August 5, 2008
Thai Union Frozen Products PCL (TUF), Thailand's largest seafood processor and exporter by revenue, is expected to have a 7.7-percent decrease in second quarter net profit mainly due to projected loss in foreign exchange.
A Dow Jones Newswire poll of five analysts expect a net profit of THB 397 million (US$11.8 million) for the second quarter, down from THB 430.2 million (US$12.8 million) a year ago.
Analysts expect the company to book forex losses of THB 310-340 million (US$9.2-10.1 million) due to hedging transactions compared with a forex gain of THB 40 million (US$1.2 million) recorded in the second quarter last year.
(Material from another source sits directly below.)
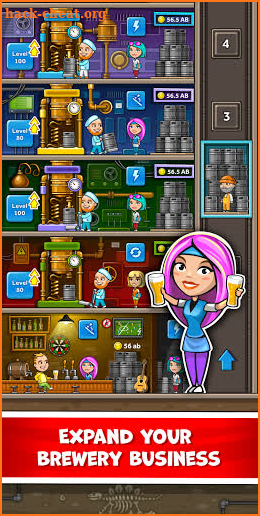 Idle Pub Tycoon screenshot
An analyst from the Phillip Securities said the reversing trend from strong to weak of the dollar/baht during the second quarter is unexpected and that most exporters nearly fully hedged the currency regarding to their sales volume.
As of end-June, the US dollar was at THB 33.43, compared with THB 31.47 three months ago and THB 33.68 at the end of last year.
Still, the company's operations are expected to improve in the second quarter. TUF has increased product prices to reflect higher input costs while sales volume has grown due to expanding market share in Japan, the EU, Middle East, Africa and South Africa.
TUF is expected to release their second quarter result on Monday (August 11, 2008).